The Victoria Branch of the Royal Australian and New Zealand College of Psychiatrists (RANZCP) noted similar concerns in their submission to the Victorian Ministerial Advisory Panel:

"The VIC Branch also notes that, due to the often rapidly changing manifestations of mental illness, proper assessments are best undertaken by clinicians with the benefit of extended interactions over a significant period of time with the individual in question. As such, the views of psychiatrists and/or other mental health professionals with established therapeutic relationships with individuals seeking voluntary assisted dying (sic) should be sought wherever possible."
Yet the thrust in terms of the law proposed for Victoria seems likely to only require a psychiatric evaluation for the sake of concerns about capacity and not necessarily about suicidal ideation or the presence of psychiatric illness (though that may be implied). Moreover, as the RANZCP report also notes, there remains a significant risk that the treating doctor and the second confirming doctor may miss signs of psychiatric concern:
"In situations where a patient has a terminal condition causing enduring and unbearable suffering, there is a risk that symptoms of mental ill health may be mistaken by a doctor not trained in psychiatry for an 'understandable' reaction to their condition. Furthermore, traumatic brain injury, addiction issues, dementia and delirium may all confound assessments of capacity and non-psychiatrically trained doctors 'are not well placed to recognise the presence of these conditions in the medically ill population'."
This raises serious questions about the mechanism that supposedly 'protects' people who are vulnerable. If neither of the two assessing doctors suspect a psychiatric issue, nothing more is done.
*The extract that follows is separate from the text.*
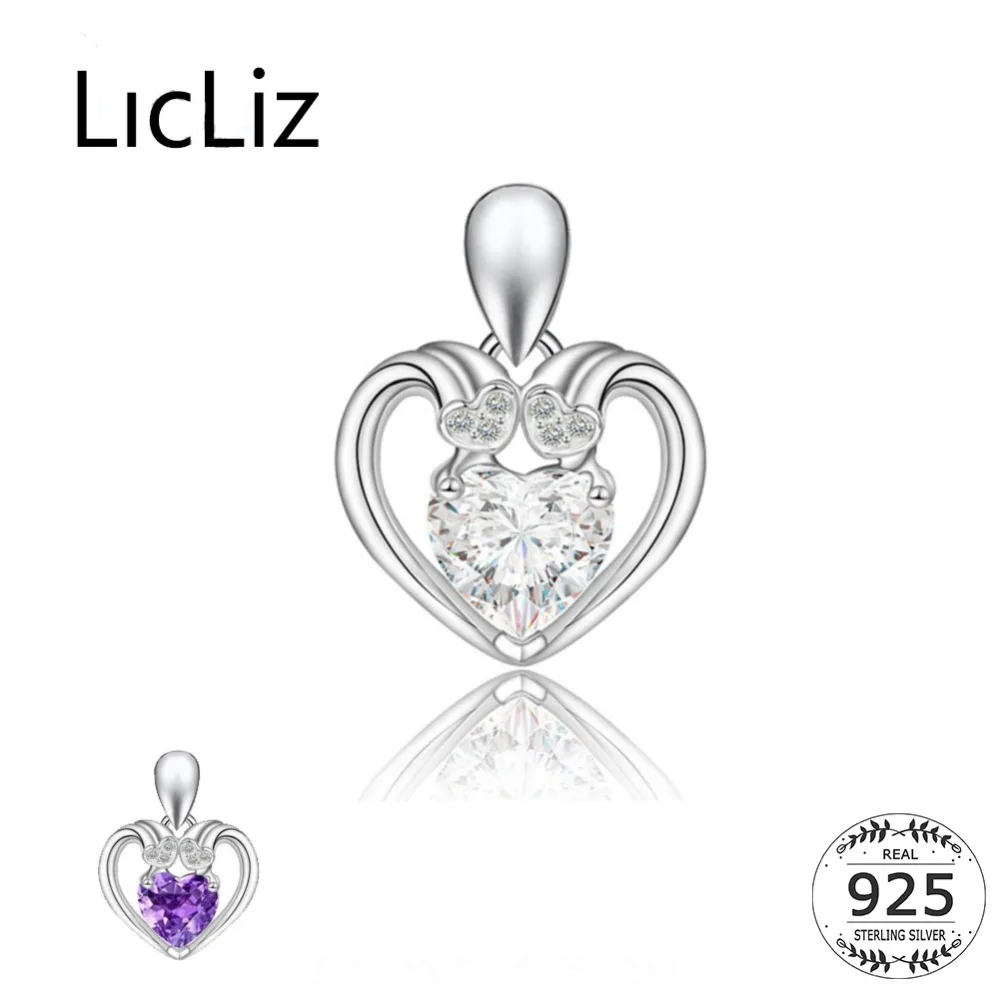 

LicLiz 925 Sterling Silver Heart Pendant for Women CZ Crystal DIY Necklace Pendant Heart Purple Zircon White Gold Jewelry LP0262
Will the final recommendation due to be made to Premier Daniel Andrews at the end of July include a requirement that a psychiatric evaluation takes place in a therapeutic context? This would imply a relationship over time that seeks a remedy to the presenting psychiatric issues. But time may well be short. Or will this all fall back on self-determination, as it did in the Chabot case, and an acceptance that, even though the patient may have therapeutic options available - both psychiatric and medical - that refusal of any or all treatment is a fast track to suicide?

"In psychiatry, an essential limitation disappeared when the existence of a treatment relationship was no longer required." Chabot.
The outcome is grave and irreversible. The Andrews government has been talking into an echo chamber, yet most Victorians will likely be unaware of the proposal and even less aware of how any proposed law might operate. The idea that assisted suicide and euthanasia are a 'last-resort-only' option; that people would need to at least try 'reasonable' options, has never really been the case yet is likely to be the general public view.

With thanks to Professor Trudo Lemmens for the English translation of the recent Chabot article.